Dataset excerpt:
#####

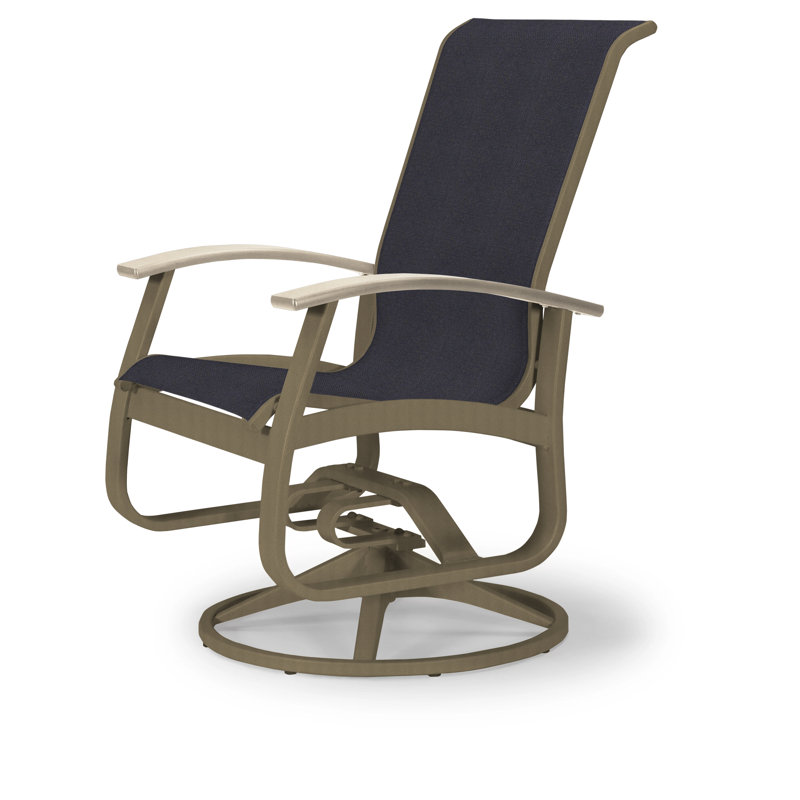 Chaise de patio pivotante Askar, Noir 5D Sunbrella®, Désert P60, Bois de plage texturé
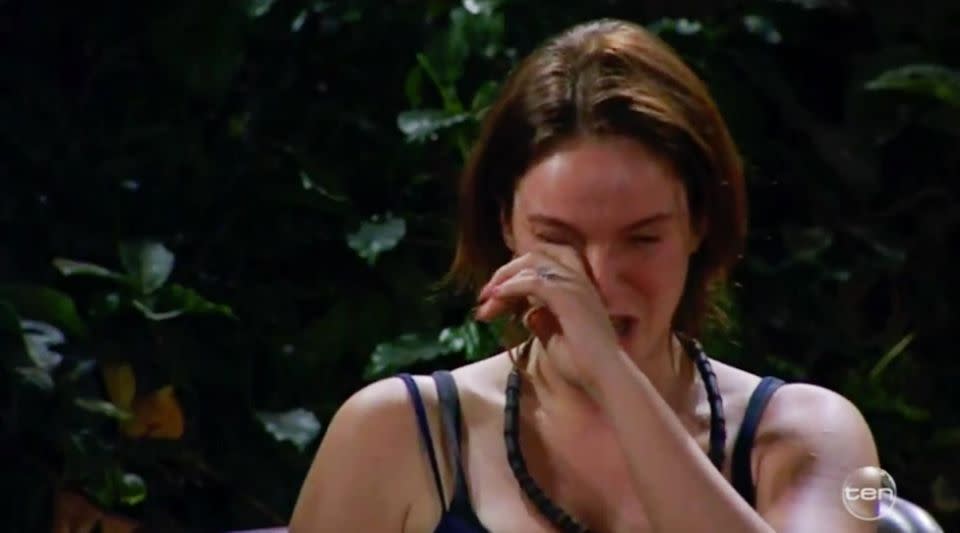 Vicky Pattison broke down in tears on I'm A Celebrity... Get Me Out Of Here! as she admitted she 'hated herself' for having sex on television. Source: Ten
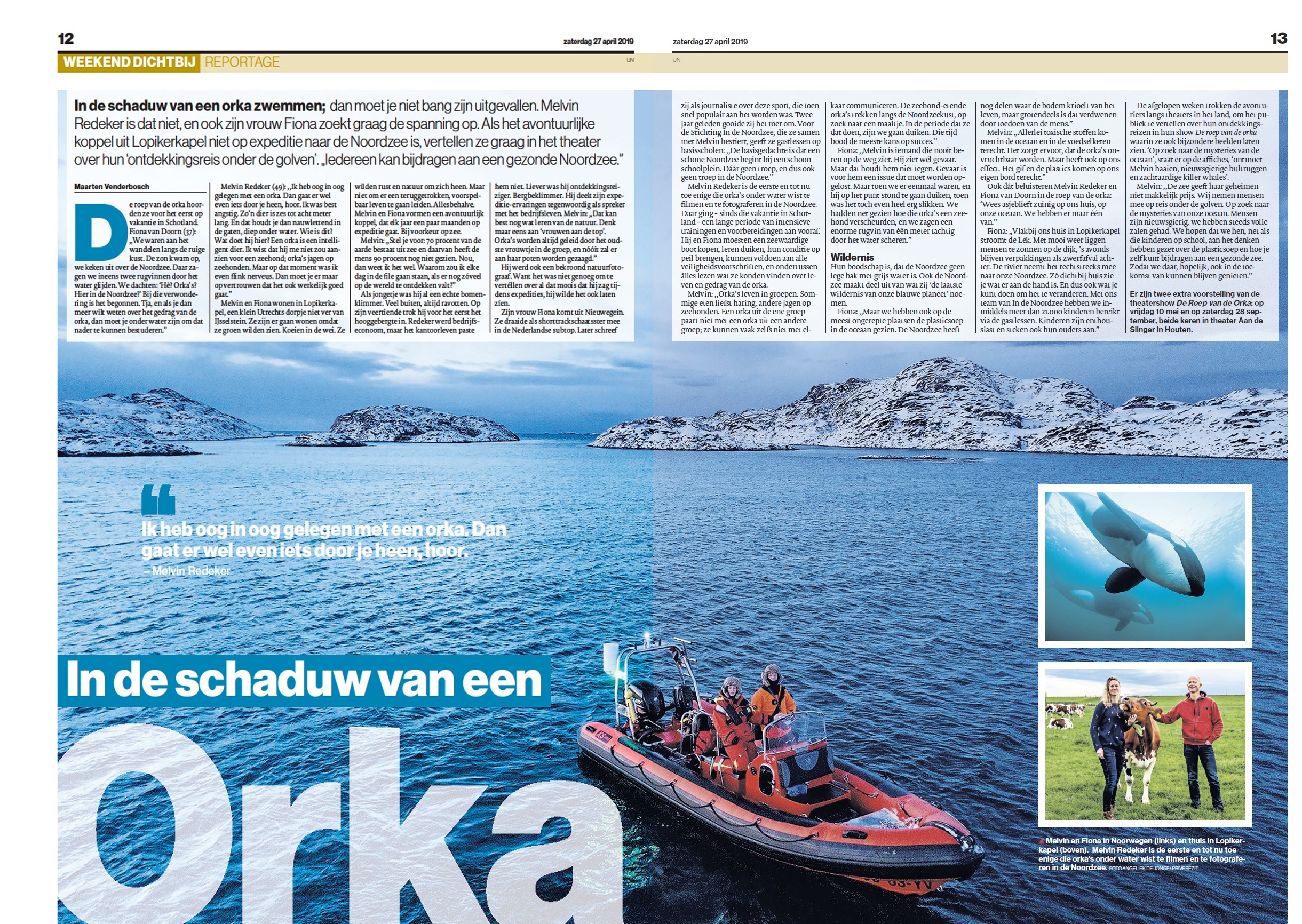 Interview in AD Utrecht: In de schaduw van een orka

#####

Task statement: What is needed is a verbatim copy of the lines running from the one with "Vicky Pattison broke" through the last line of the listing above, excluding any pictures.

Your response:
 Vicky Pattison broke down in tears on I'm A Celebrity... Get Me Out Of Here! as she admitted she 'hated herself' for having sex on television. Source: Ten
 Interview in AD Utrecht: In de schaduw van een orka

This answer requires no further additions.